I'm hoping that Google will penalize them someday. They download all the content in the page so that they'll get indexed for it, but they don't offer it up without an account to the user.
The big fish (experts exchange etc...) are big enough to be caught manually. Programatically they can crawl with a typical browser user agent, from a netblock not registered to google nor announced by their ASes. They'd need to account for the dynamic nature of sites to determine if the difference between different crawls is a sign of trouble, but as luck have it they're already in the business of algorithms and archiving websites.
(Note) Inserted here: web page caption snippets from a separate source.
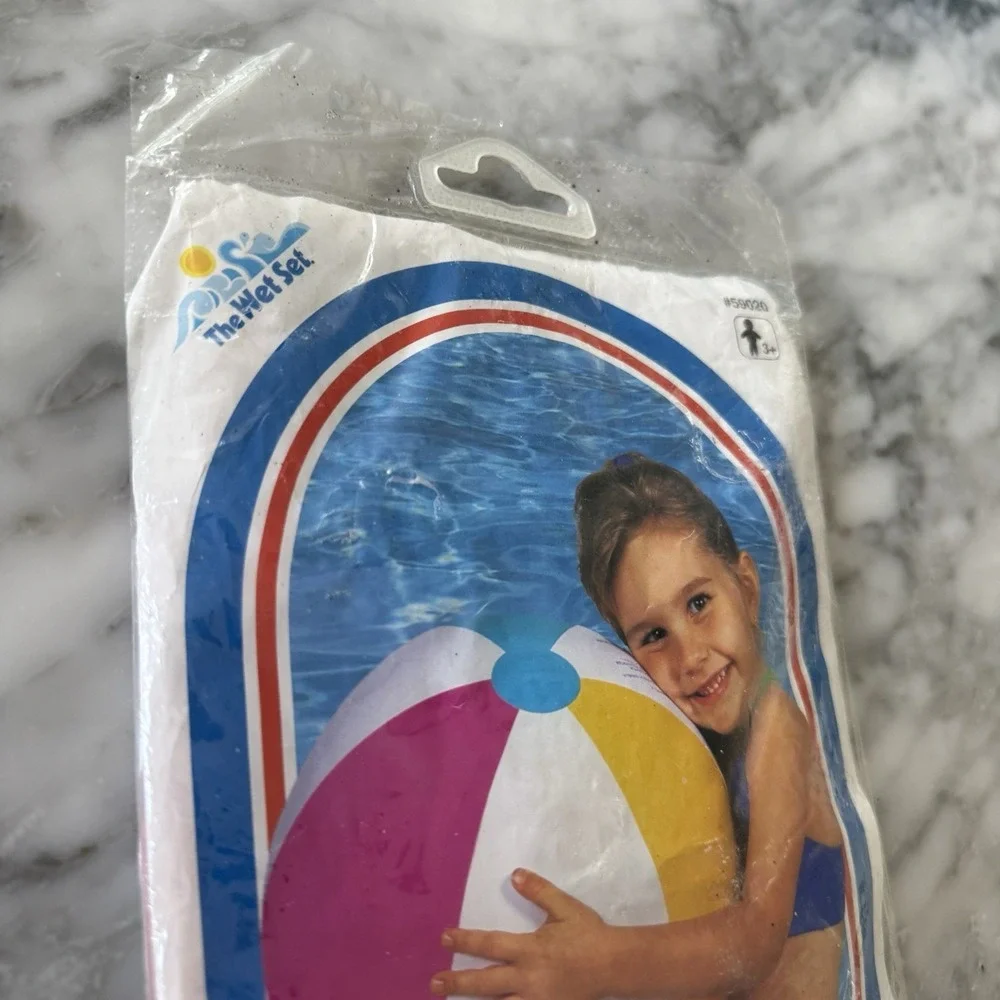 Vintage 1999 Intex The Wet Set Beach Ball 20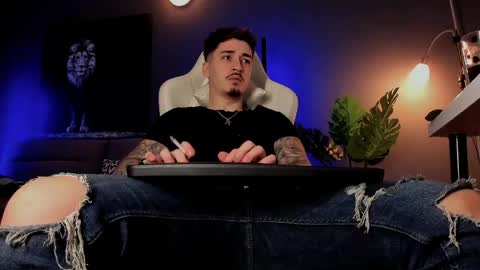 Matt online show from April 1, 7:21 am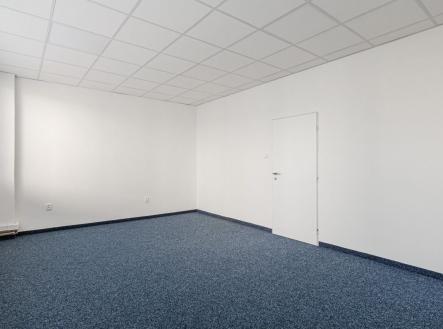 . | Pronájem - kanceláře, 30 m²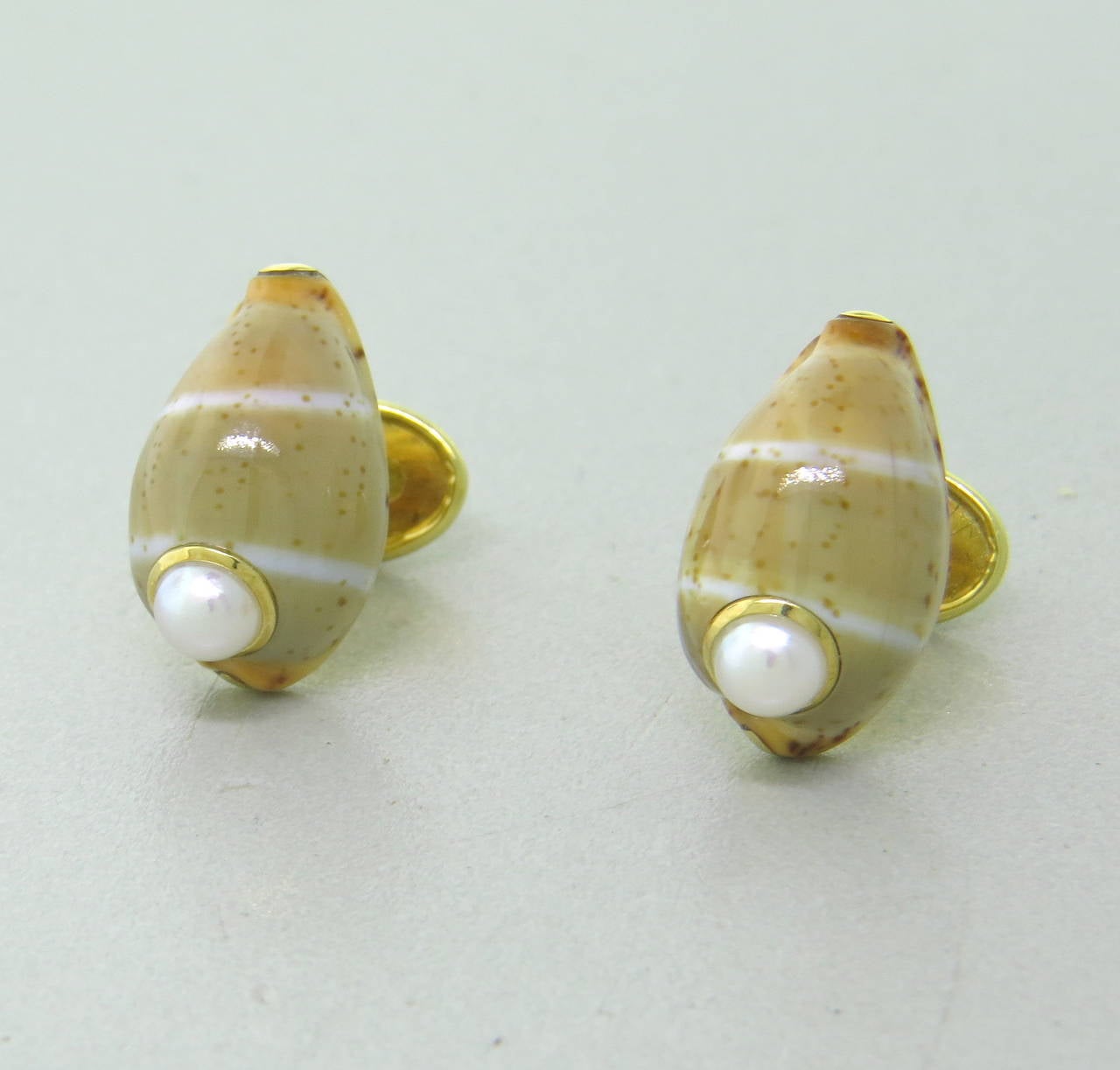 18k gold shell cufflinks by Trianon with pearls. Top of the cufflink measures 18mm x 12m.  weigh - 7 gr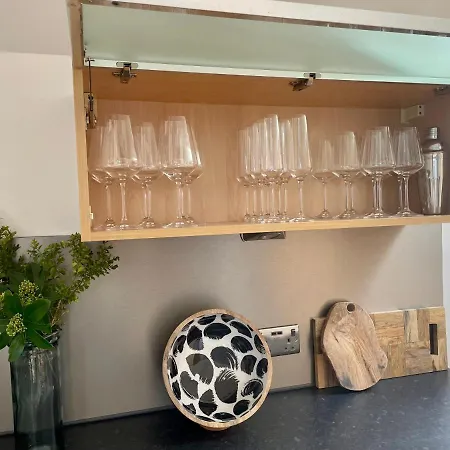 Penthouse 101 * Edinburgh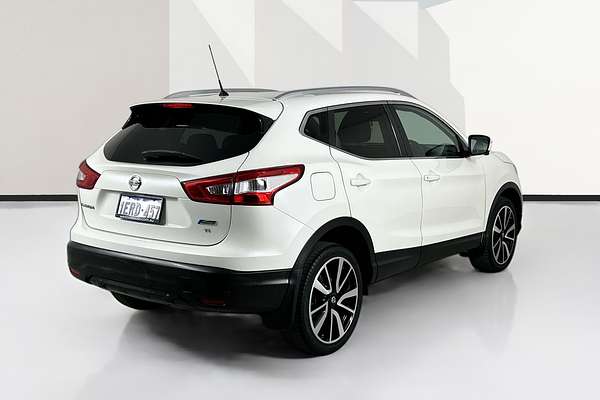 2015 Nissan QASHQAI Ti J11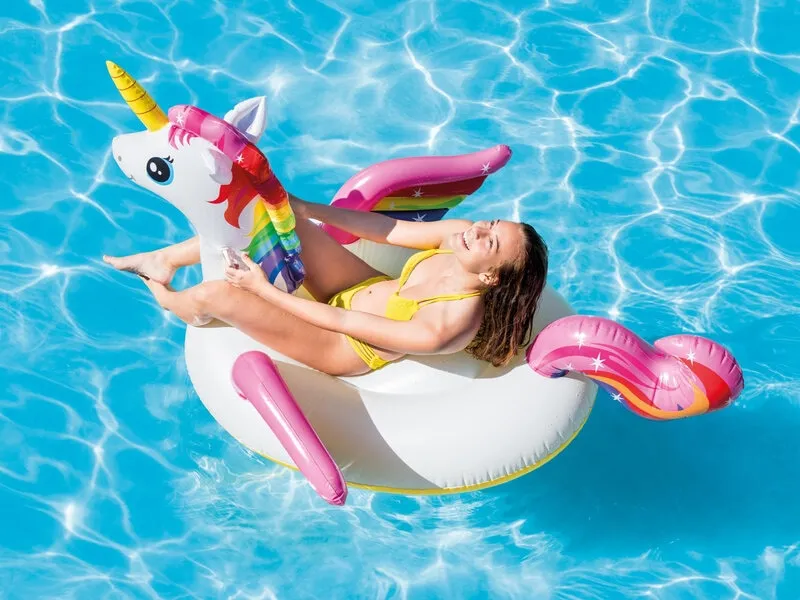 En glad kund provar sina kalas och känner direkt att fler måste få följa med hem.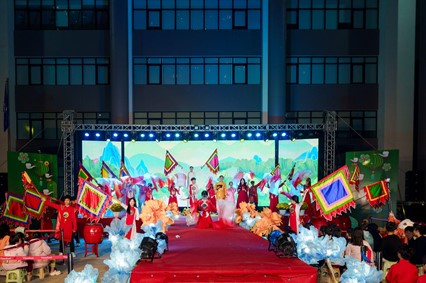 “Đón Tết xanh – Xuân an lành” Hội Xuân Trung học Vinschool Smart City – Giữ gìn và phát huy truyền thống dân tộc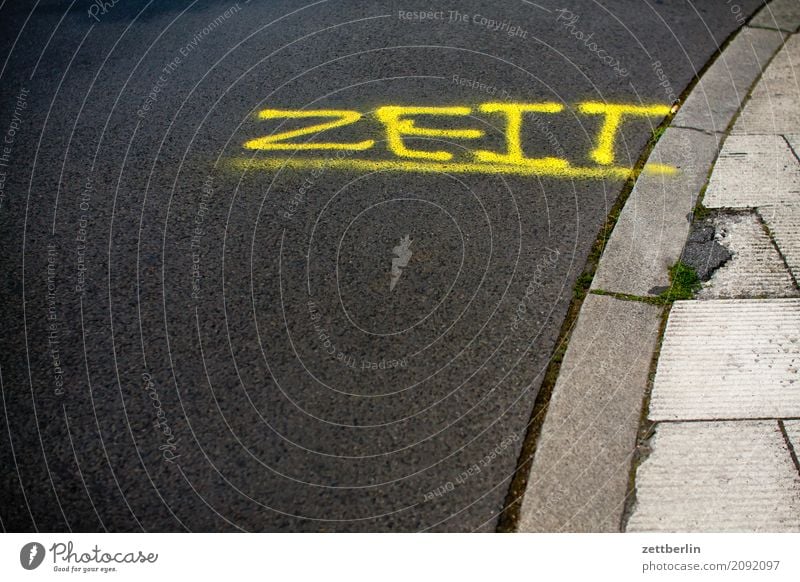 Zeit Asphalt Bürgersteig Verkehr abbiegen Wort Ecke Fahrbahnmarkierung Kurve Linie Schilder & Markierungen Navigation Orientierung Schriftzeichen Straße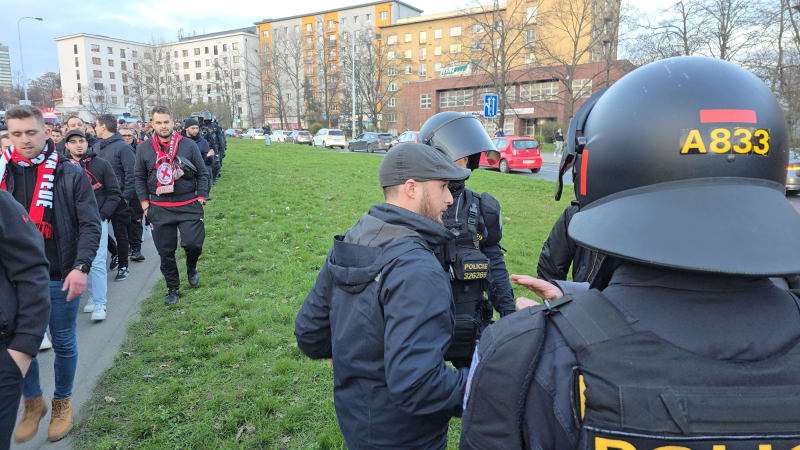Konflikt fanoušků AC Milán s policisty v Praze
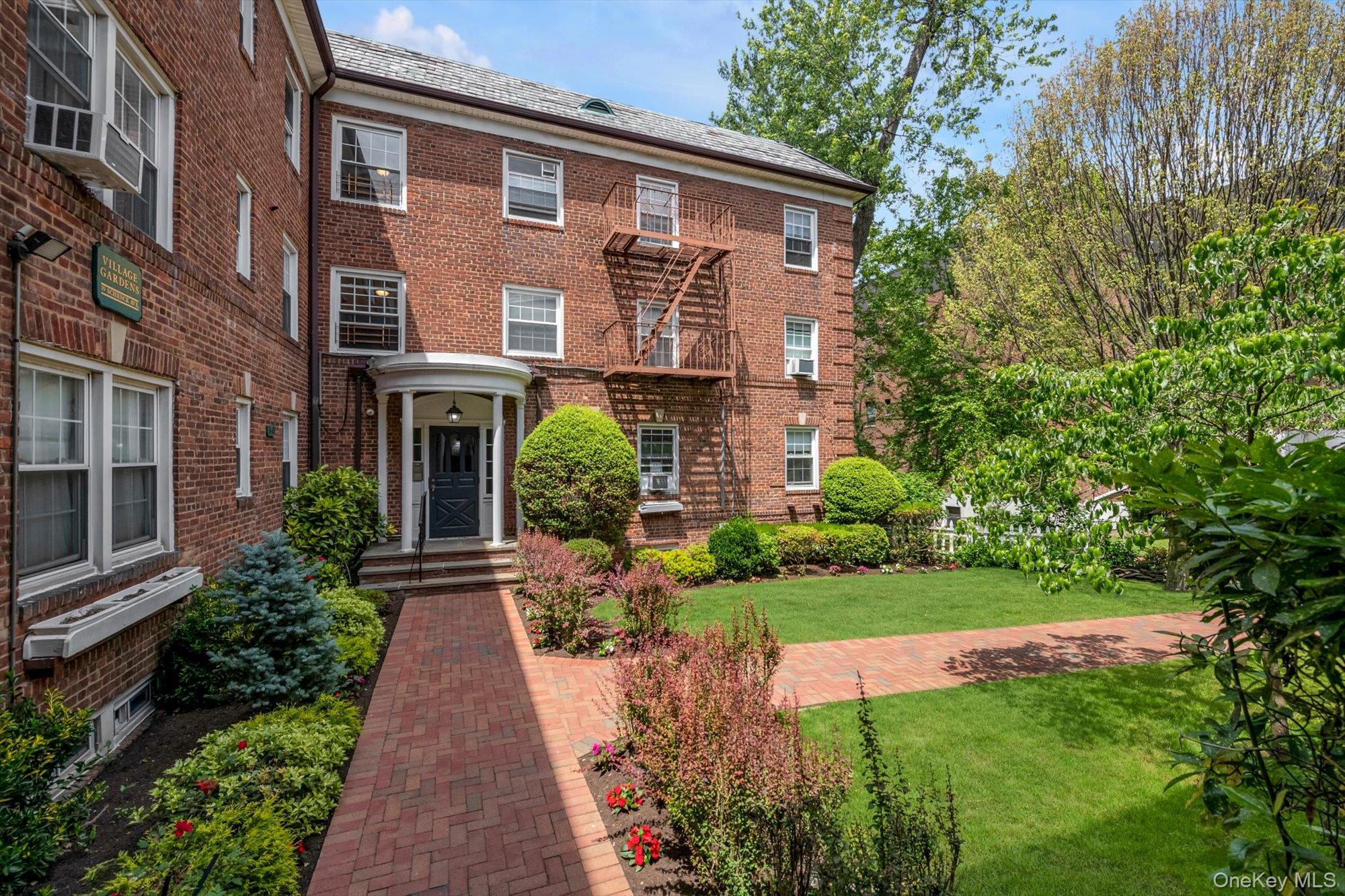 19 Schenck Avenue Unit: 1G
I'm sure they'd do it algorithmically both for elegance and legal liability reasons. It'd be done in an identical fashion to the Panda update. Use the big fish to identify techniques you can build rules around and then make sure your arbitrary penalty doesn't affect too many innocents too much before you push it live.
Well, I did my part in reporting quora. I wish there were a way to track the progress of this report. The process makes me feel as if the message was lost in the ether
If it's simply divs masking the content there must be a way to load the page on an iOS emulation, screencap the entire length of the page, and compare the amount of "content" in the source to what shows up in the screencap.
I'm not saying it's worth the trouble for Google. Quora is probably the worst example of this bullshit. But it's certainly possible to automatically catch devilry like this, isn't it?